NSAID | ACS | All-cause death | ACS or All-cause death |
---|---|---|---|
Indometacin | 0.71 (0.70, 0.72) | 0.81 (0.80, 0.81) | 0.77 (0.77, 0.78) |
Sulindac | 0.84 (0.78, 0.89) | 0.82 (0.80, 0.84) | 0.82 (0.80, 0.84) |
Diclofenac | 0.67 (0.66, 0.68) | 0.80 (0.79, 0.80) | 0.74 (0.74, 0.75) |
Piroxicam | 0.66 (0.65, 0.68) | 0.80 (0.79, 0.81) | 0.73 (0.72, 0.74) |
Meloxicam | 0.70 (0.69, 0.70) | 0.80 (0.80, 0.81) | 0.75 (0.74, 0.75) |
Ibuprofen | 0.71 (0.70, 0.73) | 0.82 (0.81, 0.82) | 0.76 (0.75, 0.77) |
Naproxen | 0.71 (0.70, 0.72) | 0.82 (0.81, 0.82) | 0.77 (0.77, 0.78) |
Ketoprofen | 0.71 (0.69, 0.73) | 0.79 (0.78, 0.80) | 0.73 (0.72, 0.74) |
Tiaprofenic acid | 0.77 (0.72, 0.82) | 0.85 (0.83, 0.87) | 0.83 (0.80, 0.85) |
Rofecoxib | 0.710 (0.705, 0.714) | 0.821 (0.819, 0.823) | 0.78 (0.77, 0.78) |
Celecoxib | 0.72 (0.71, 0.72) | 0.811 (0.809, 0.813) | 0.772 (0.770, 0.774) |
NSAID non-steroidal anti-inflammatory drug, GBM gradient boosting machine.
Feature importance
Figure 4 shows the ranked feature importance for predicting adverse CV outcomes by GBM controlling for age, sex, comorbidity history and drug history. After controlling for these confounders, cyclooxygenase-2 (COX-2) inhibitors (rofecoxib, celecoxib and meloxicam) were ranked highest among all NSAIDs for predicting the risk of ACS and death (Fig. 4a,b). Naproxen, ibuprofen and ketoprofen were ranked lower compared with COX-2 inhibitors. Due to the small sample size of some NSAIDs such as tiaprofenic acid and mefenamic acid, their relative feature importance was at the bottom of the list. Similar results were found for the composite outcome (Fig. 4c). As shown in Supplementary Fig. S2A–C, confounding features were prominent, with age the most important predictor among all the features. History of cardiovascular diseases such as ischaemic heart disease and heart failure were also ranked high for predicting ACS, followed by drug group Cardiovascular system (C) and Nervous system (N). Cancer and heart failure history were important features associated with death, as well as drug group (N), and Musculo-skeletal system (M).
Discussion
This study presents a set of machine learning models for predicting the risk of ACS and all-cause death after dispensing of NSAIDs using data from PBS, HMDC and death in Western Australia. We focused specifically on elderly patients (age ≥ 65 years) who had at least one NSAID supply. The prediction is based on the features including age, sex, medication history and disease history, which are routinely collected in administrative data. This approach encompasses a wide array of patients to reflect the population of patients taking NSAIDs in Western Australia. The machine learning based predictive models showed greater sensitivity, specificity and AUC-ROC values compared with the classical Cox-regression approach. GBM presented the best predictive performance for the machine learning models we tested.
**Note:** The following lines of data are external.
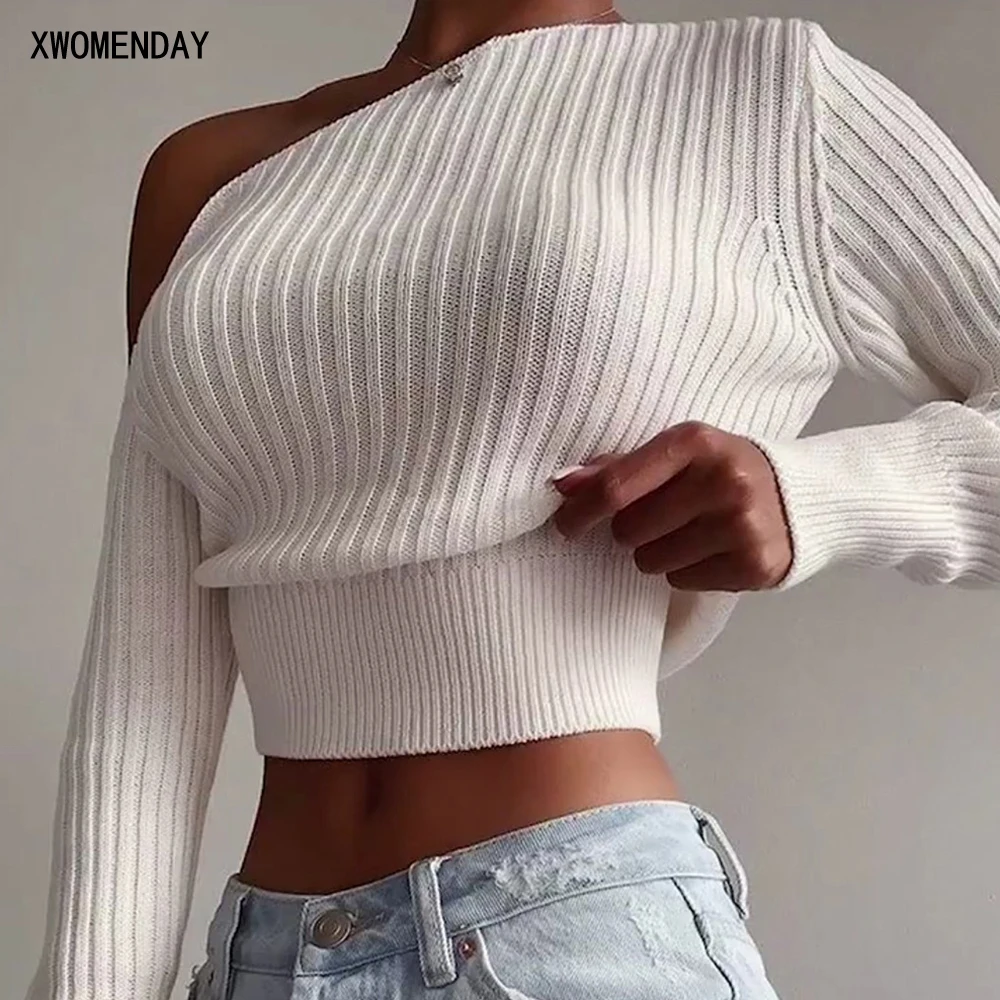 Cropped Sweaters Oblique Collar Ribbed Knitted Black Pullover Jumper Tops One Shoulder Women Clothing 2021 Fall Fashion Knitwear | Женская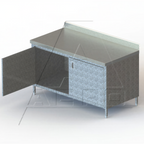Thumbnail image #1 for AERO Manufacturing 3TGBOHD-3084 Enclosed Work Table, Cabinet Base with Hinged Doors, 16-Gauge 304 Stainless Top, 84"W x 30"D x 39"H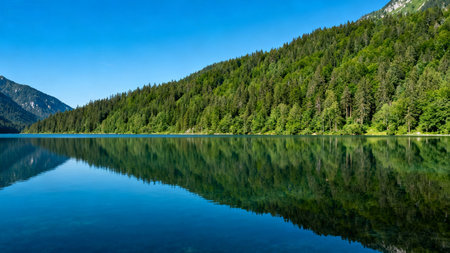 Mountain lake with forest and clear skyの素材
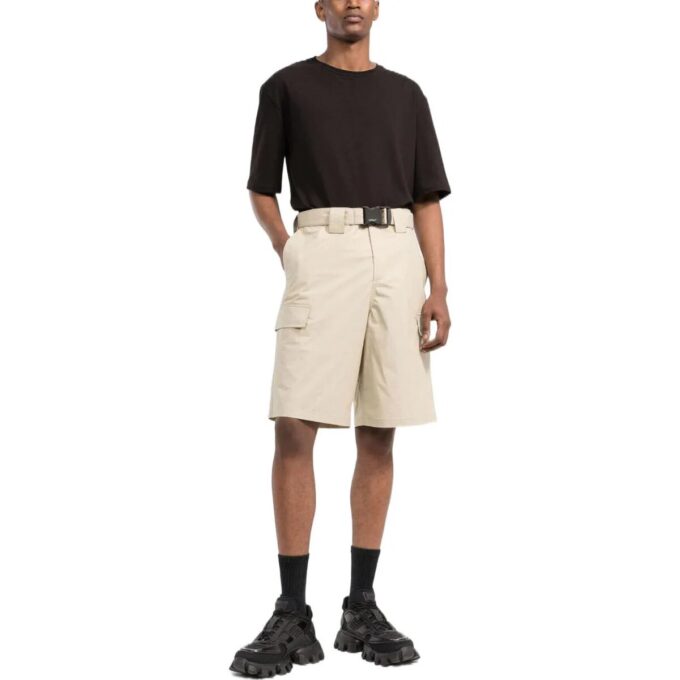 Off-White Men’ s SS22 Solid Color High Waist Minimalistic Bermuda Shorts Version Beige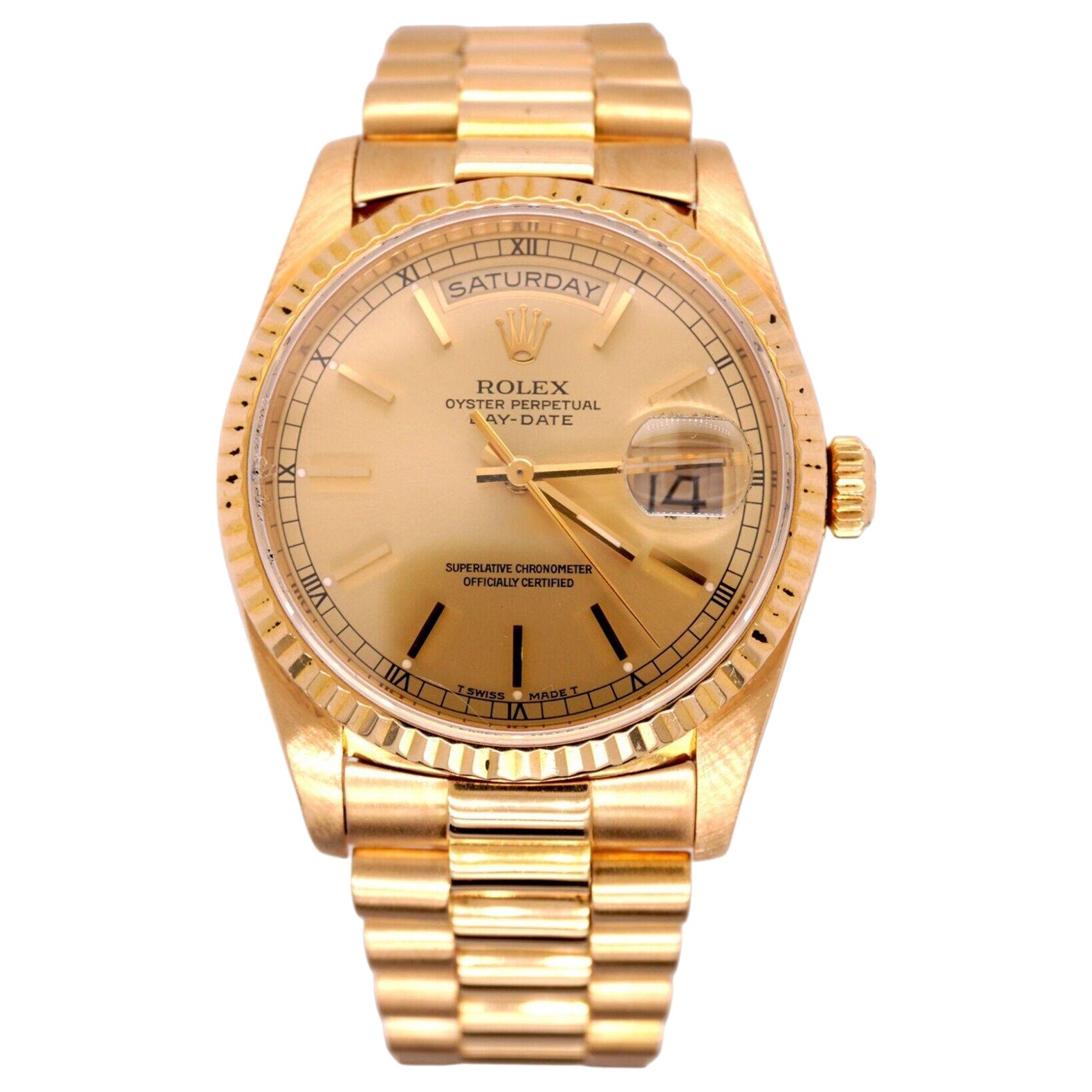 Rolex DAY-DATE 36mm 18K Yellow Gold President Men's Gold Dial Watch Ref: 18238 For Sale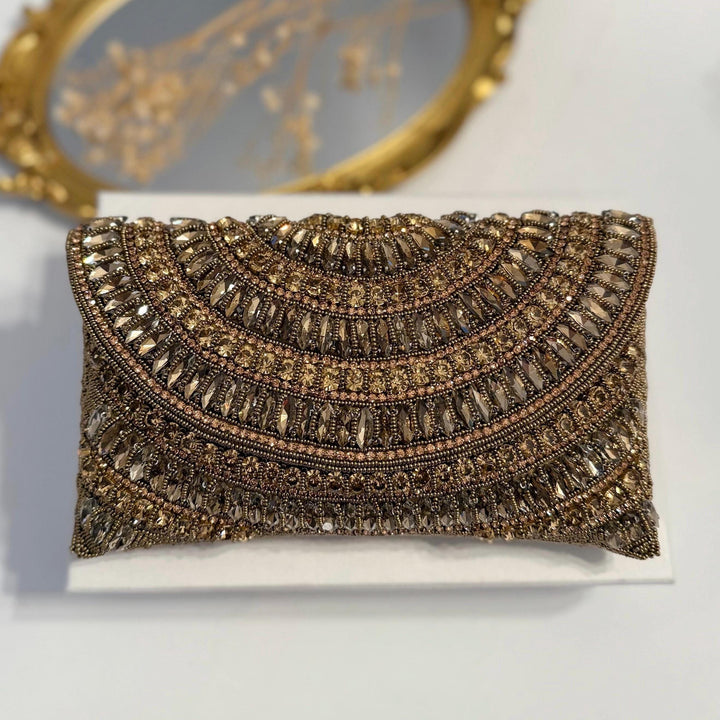 Golden Age | Crystal Embellished Bronze Bridal Handmade Evening Wristlet Clutch | Envelope Clutch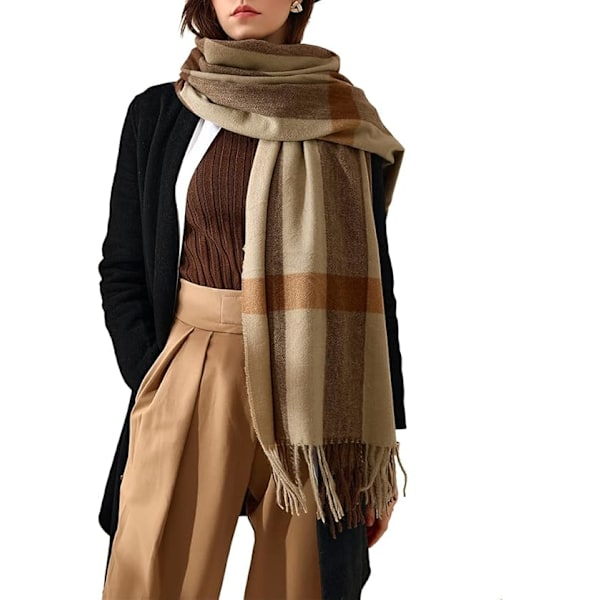 1 st. Brun Sjal Kvinna Elegant Kashmir Pashmina Sjal För Höst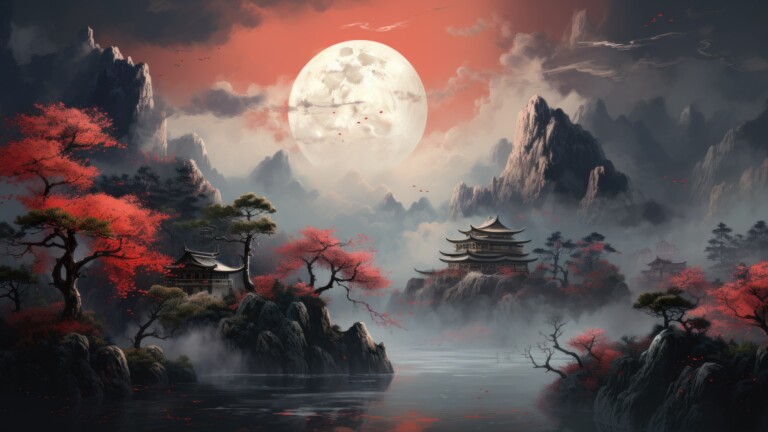 A picturesque 4K wallpaper created by AI, reminiscent of a Japanese mountain painting, capturing the serene beauty of a scenic landscape, perfect for bringing a touch of traditional art and nature to your desktop background.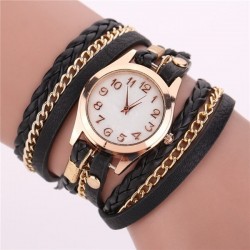 Multilayer leather bracelet - with a round Quartz watchBracelets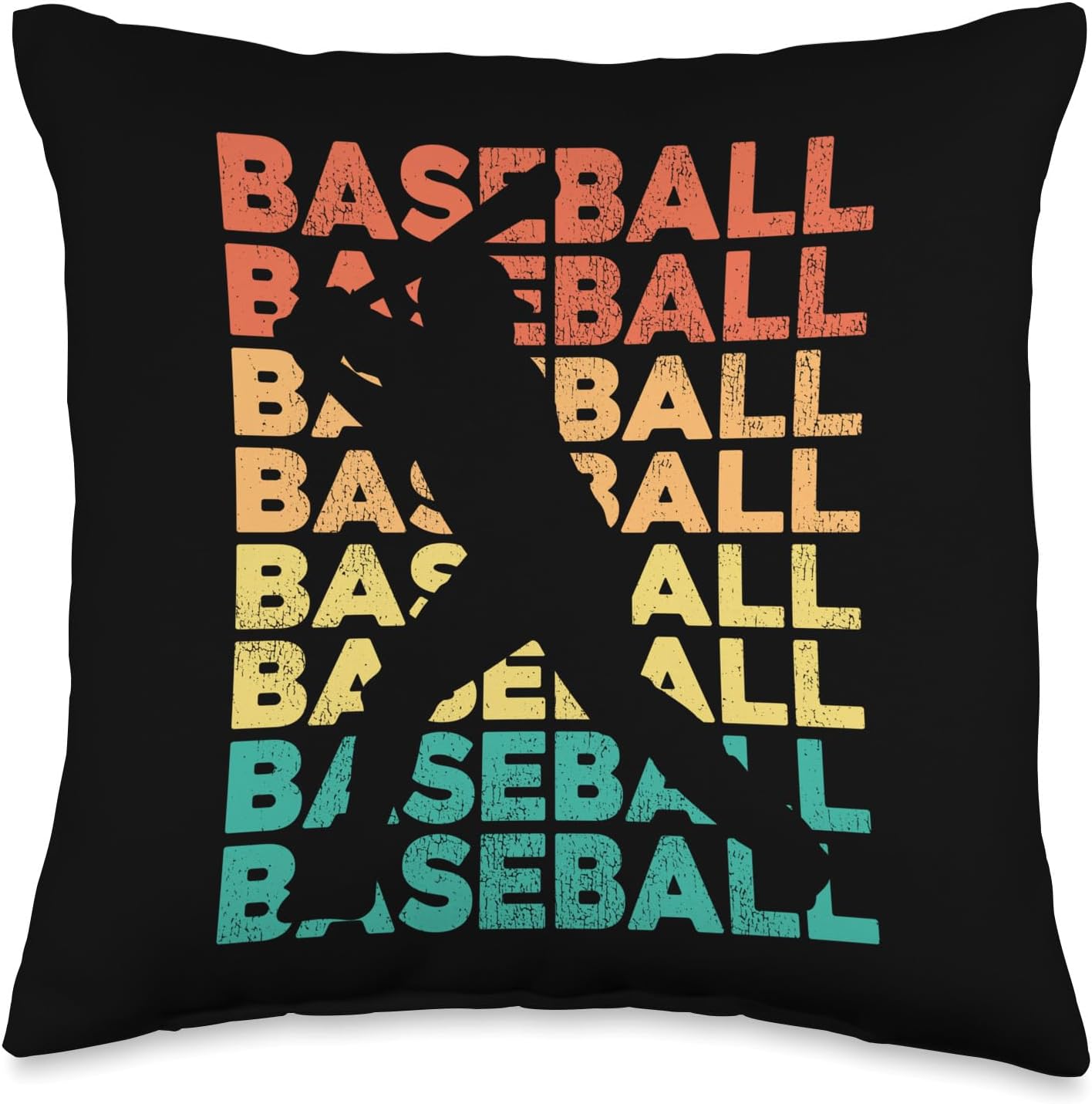 Baseball Fan Retro Vintage Batter Baseball Throw Pillow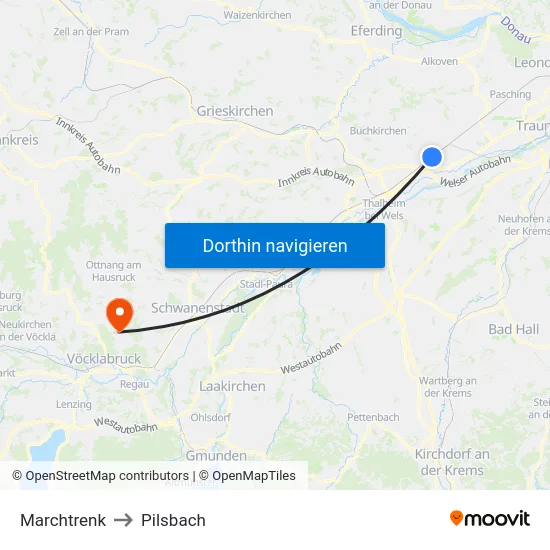 Marchtrenk to Pilsbach map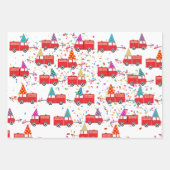 Party-Muster für rote LKW Geschenkpapier Set (Vorderseite)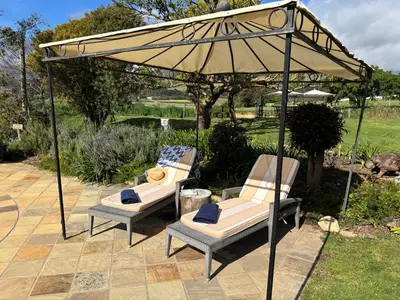 two chairs and an umbrella on a patio at In the Vine Country Manor Guesthouse in Stellenbosch
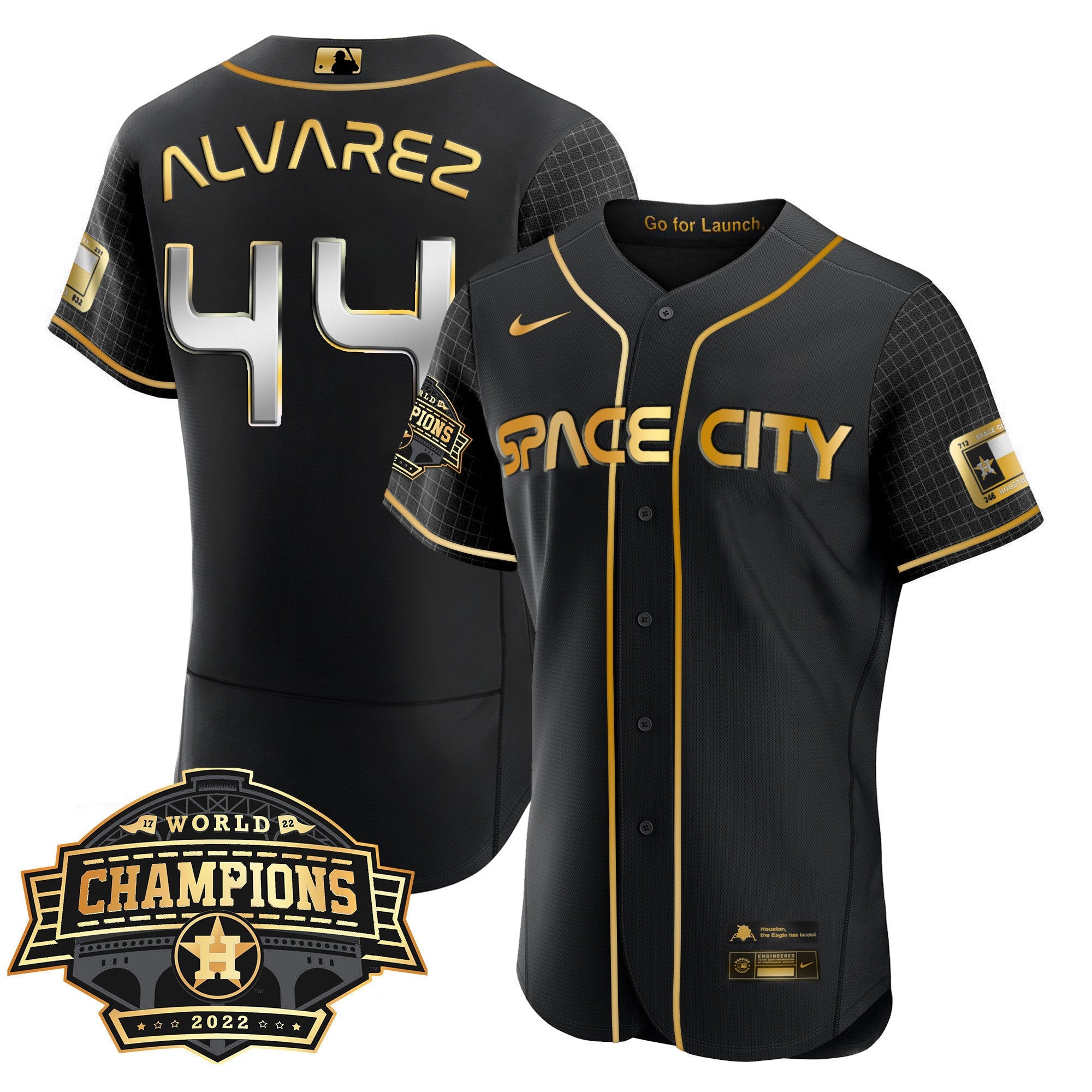 Men’s Houston Space City 2022 World Series Champions Patch Limited Jersey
Several studies have reported the risk of adverse outcomes with NSAIDs, and rofecoxib was withdrawn from the market due to its increased risk of CV outcomes. Our models predict ACS, all-cause death and composite outcome. The performance for predicting death was the best with AUC-ROC values ranging from 0.76 (Cox regression) to 0.84 (GBM). This demonstrates that the predictive models built based on administrative data work well and can predict the risk of death. The performance of the ACS risk prediction was lower, with AUC ranging from 0.66 (Cox) to 0.72 (GBM). The performance may be limited by the low event rate of ACS (4%), which makes the class distribution highly imbalanced. As shown in Table 2, GBM has slightly outperformed MLNN and SVM for predicting the risks of ACS, and SVM for predicting the risks of ACS and death. This difference may result from the nature of the boosting power in GBM, which is an ensemble method using many trees to make a decision as it gains power by repeating itself. MLNN is also a powerful model as it can learn complex data representations from underlying data, but is prone to overfitting31. Other studies have also found GBM can result in higher prediction accuracies compared with MLNN and SVM32,33. We considered the range of AUC-ROC we measured to be of moderate to high accuracy in predicting the risk of ACS or death in this population. While an ideal precision would be an AUC-ROC > 0.90, such high values are not easy to achieve in medical applications of machine learning due to the variations in patient characteristics we see in humans. Furthermore, this is our initial investigation on the potential for machine learning models to be applied for prediction of ACS and all-cause death using population-level administrative data. Further work needs to be done to determine if model performance can be improved, especially if other datasets can be added at the population level. We acknowledge that the outputs from the machine learning models do not necessarily suggest a causal link between the drug and the ACS admission or death. Instead, its purpose is to create an alert so that humans (clinicians, researchers, administrators) can investigate further and make a decision on whether the risk requires clinical or regulatory action. Hence, the machine learning application here will have clinical value as a decision support tool.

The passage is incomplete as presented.